▸ Study material
----

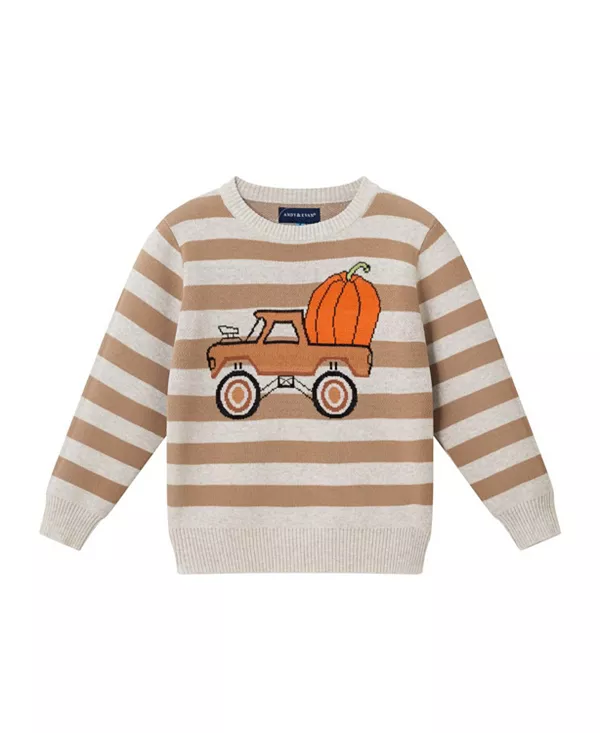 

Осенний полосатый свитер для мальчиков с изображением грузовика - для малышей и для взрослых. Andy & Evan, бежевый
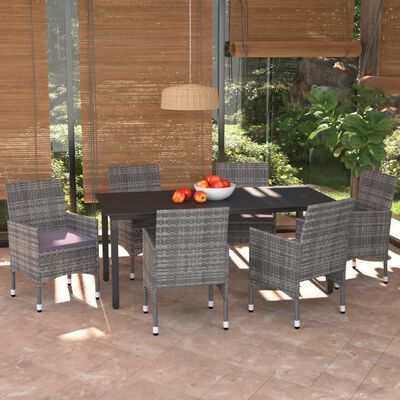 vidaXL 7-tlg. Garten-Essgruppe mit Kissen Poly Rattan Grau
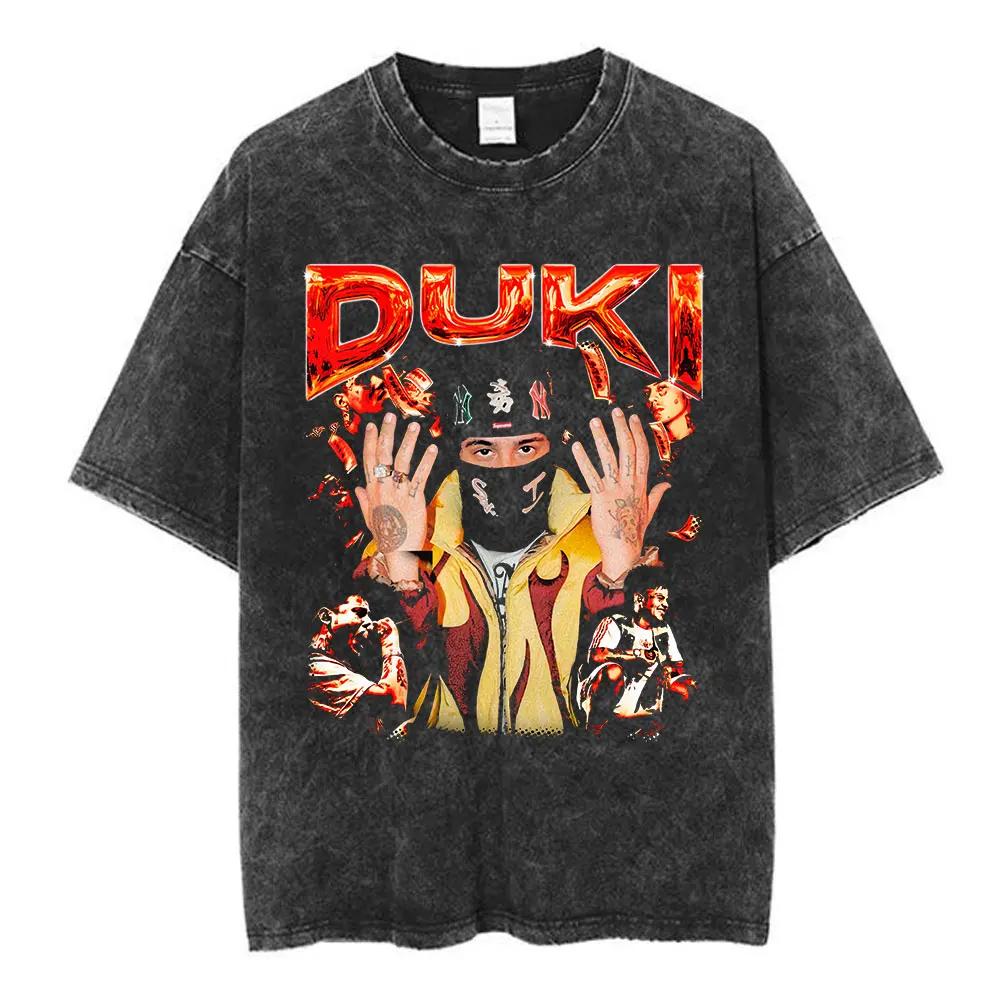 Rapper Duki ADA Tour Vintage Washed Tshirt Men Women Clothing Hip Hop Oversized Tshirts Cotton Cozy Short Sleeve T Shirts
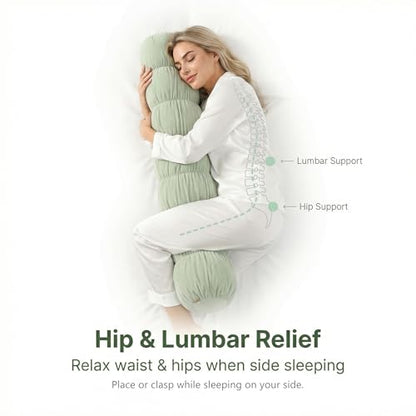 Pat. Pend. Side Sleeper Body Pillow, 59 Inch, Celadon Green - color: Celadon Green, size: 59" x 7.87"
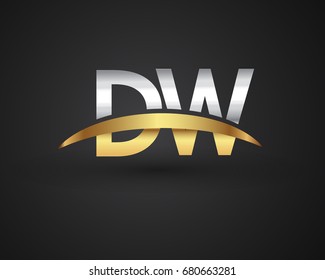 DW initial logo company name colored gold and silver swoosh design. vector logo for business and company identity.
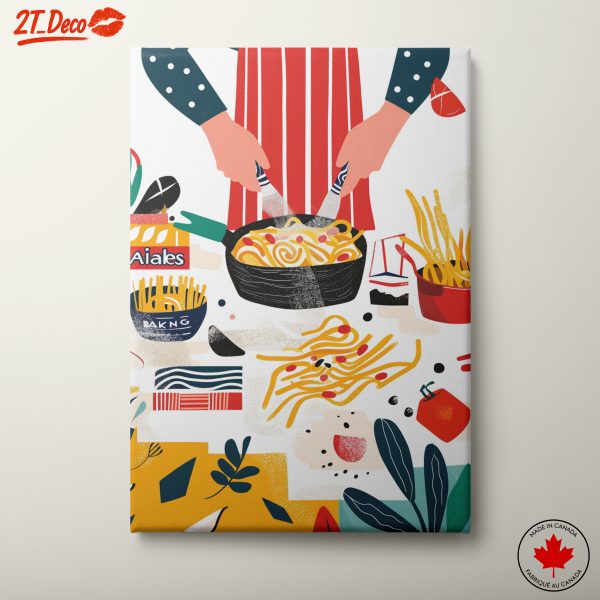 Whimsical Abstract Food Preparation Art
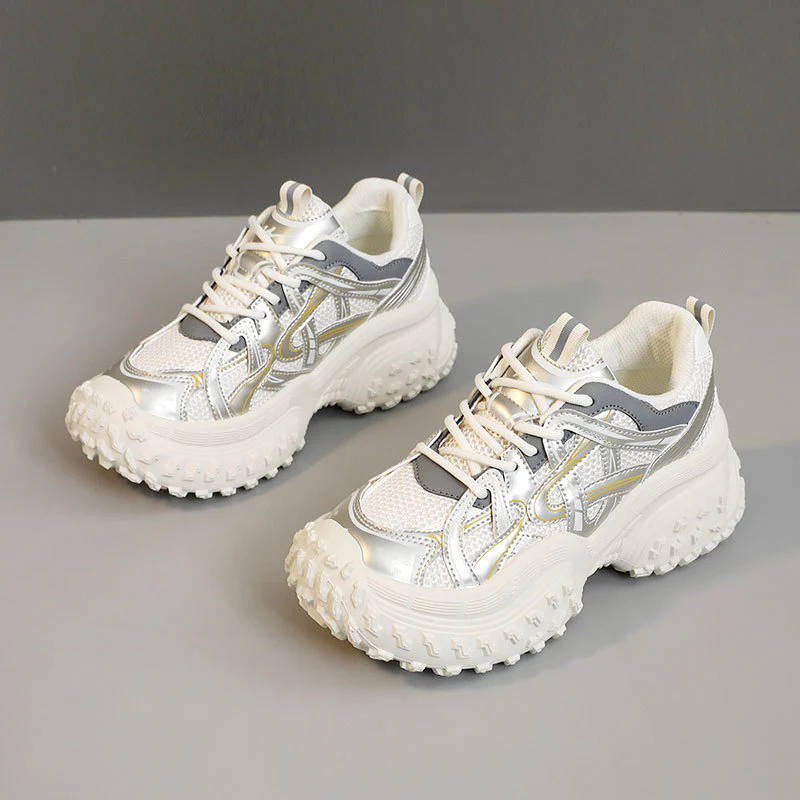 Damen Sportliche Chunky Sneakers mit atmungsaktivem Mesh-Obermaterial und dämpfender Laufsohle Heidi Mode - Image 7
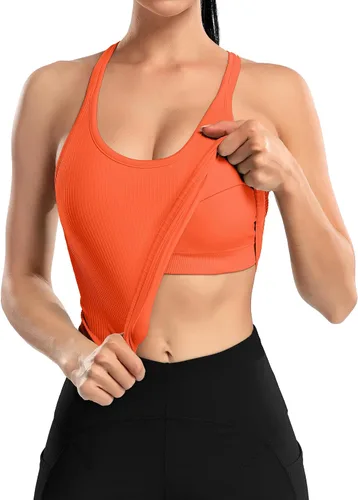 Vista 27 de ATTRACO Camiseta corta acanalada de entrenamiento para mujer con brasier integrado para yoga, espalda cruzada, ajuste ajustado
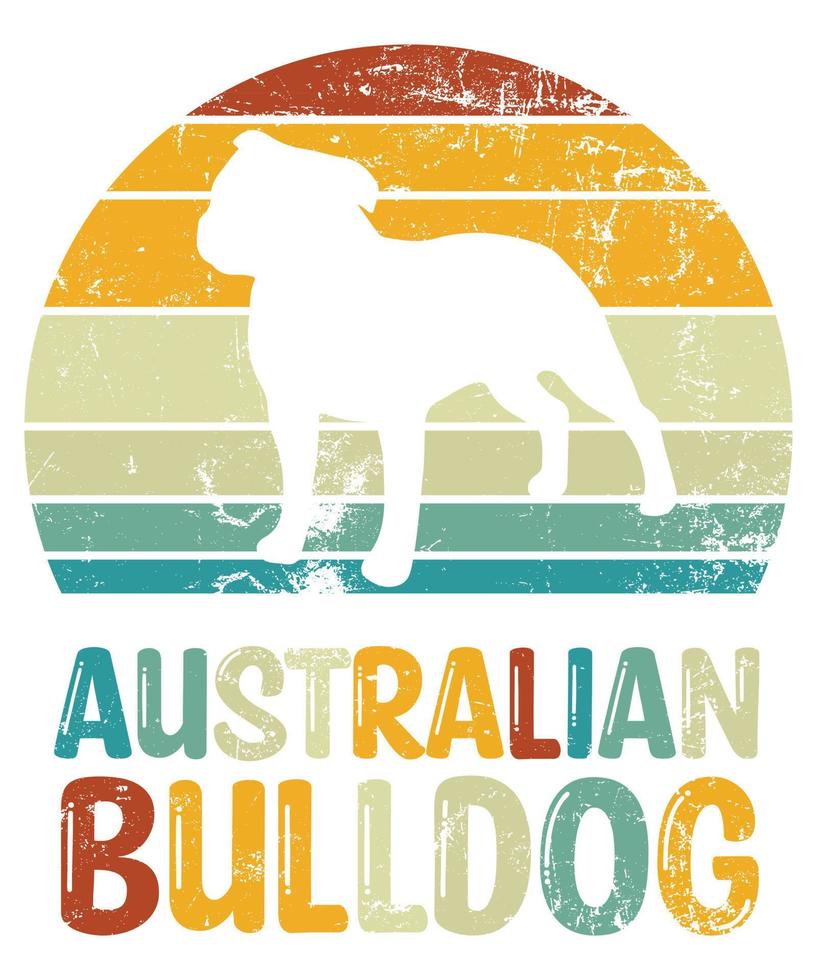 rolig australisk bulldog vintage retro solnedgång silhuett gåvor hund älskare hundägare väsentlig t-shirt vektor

----

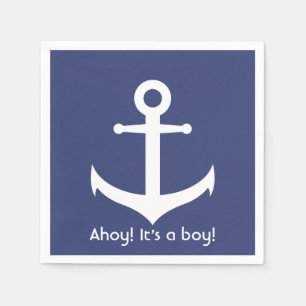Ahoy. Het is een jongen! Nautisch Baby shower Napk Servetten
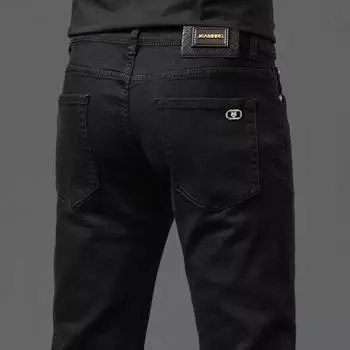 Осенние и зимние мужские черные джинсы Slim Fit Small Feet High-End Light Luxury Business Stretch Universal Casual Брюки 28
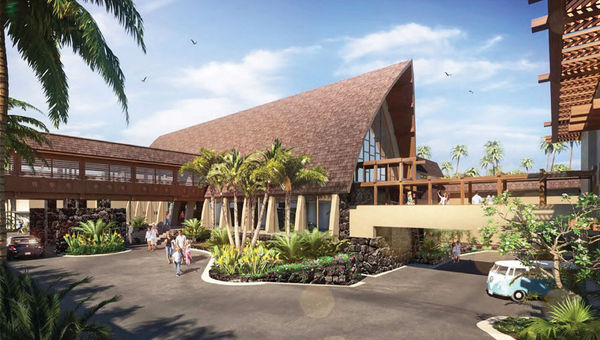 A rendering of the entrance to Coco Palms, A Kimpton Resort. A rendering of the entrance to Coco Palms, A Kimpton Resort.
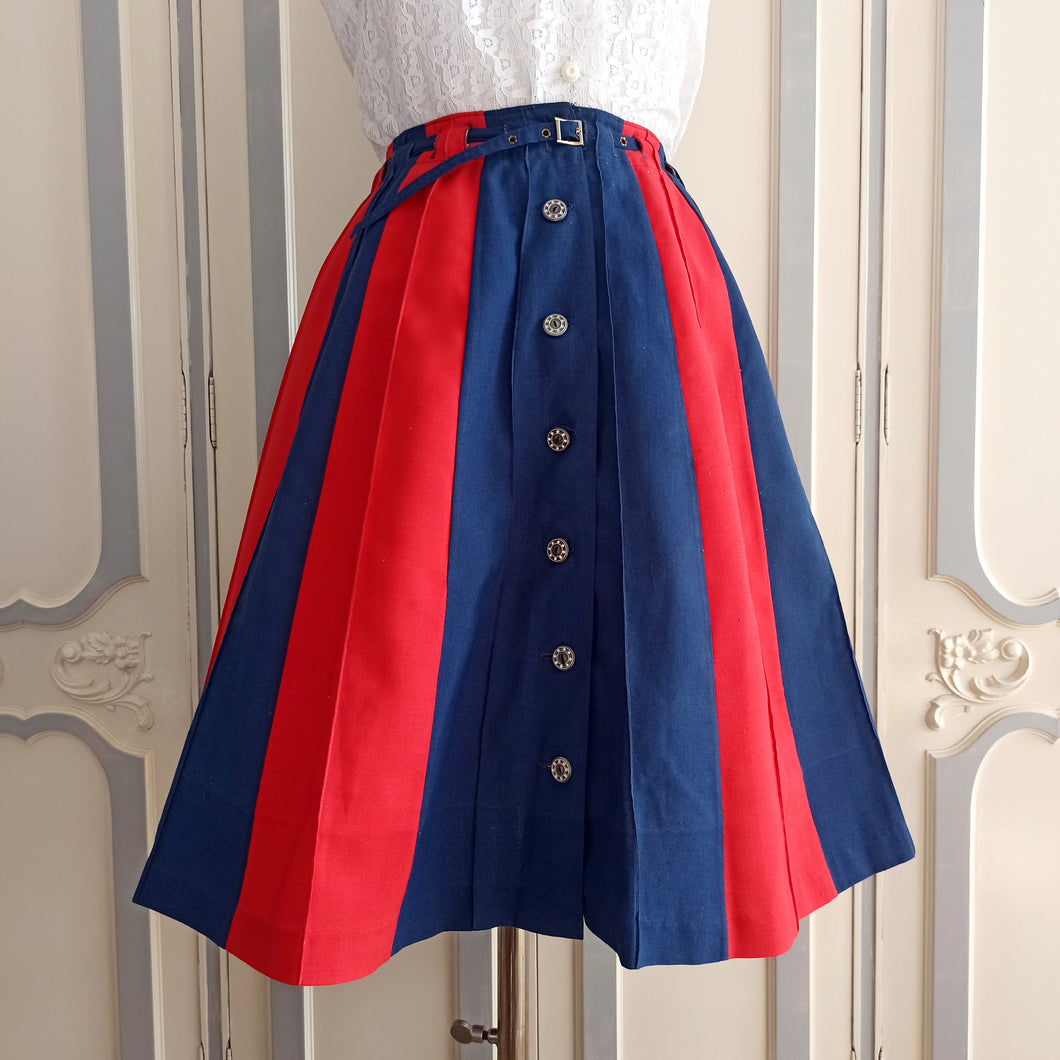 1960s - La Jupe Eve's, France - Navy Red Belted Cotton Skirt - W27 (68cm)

----

▸ About this task
Working from the records above, set down word for word everything from the line containing "Осенний полосатый свитер" down to the line containing "rolig australisk bulldog", ends included, minus the pictures.

▸ Answer to this problem
Осенний полосатый свитер для мальчиков с изображением грузовика - для малышей и для взрослых. Andy & Evan, бежевый
 vidaXL 7-tlg. Garten-Essgruppe mit Kissen Poly Rattan Grau
 Rapper Duki ADA Tour Vintage Washed Tshirt Men Women Clothing Hip Hop Oversized Tshirts Cotton Cozy Short Sleeve T Shirts
 Pat. Pend. Side Sleeper Body Pillow, 59 Inch, Celadon Green - color: Celadon Green, size: 59" x 7.87"
 DW initial logo company name colored gold and silver swoosh design. vector logo for business and company identity.
 Whimsical Abstract Food Preparation Art
 Damen Sportliche Chunky Sneakers mit atmungsaktivem Mesh-Obermaterial und dämpfender Laufsohle Heidi Mode - Image 7
 Vista 27 de ATTRACO Camiseta corta acanalada de entrenamiento para mujer con brasier integrado para yoga, espalda cruzada, ajuste ajustado
 rolig australisk bulldog vintage retro solnedgång silhuett gåvor hund älskare hundägare väsentlig t-shirt vektor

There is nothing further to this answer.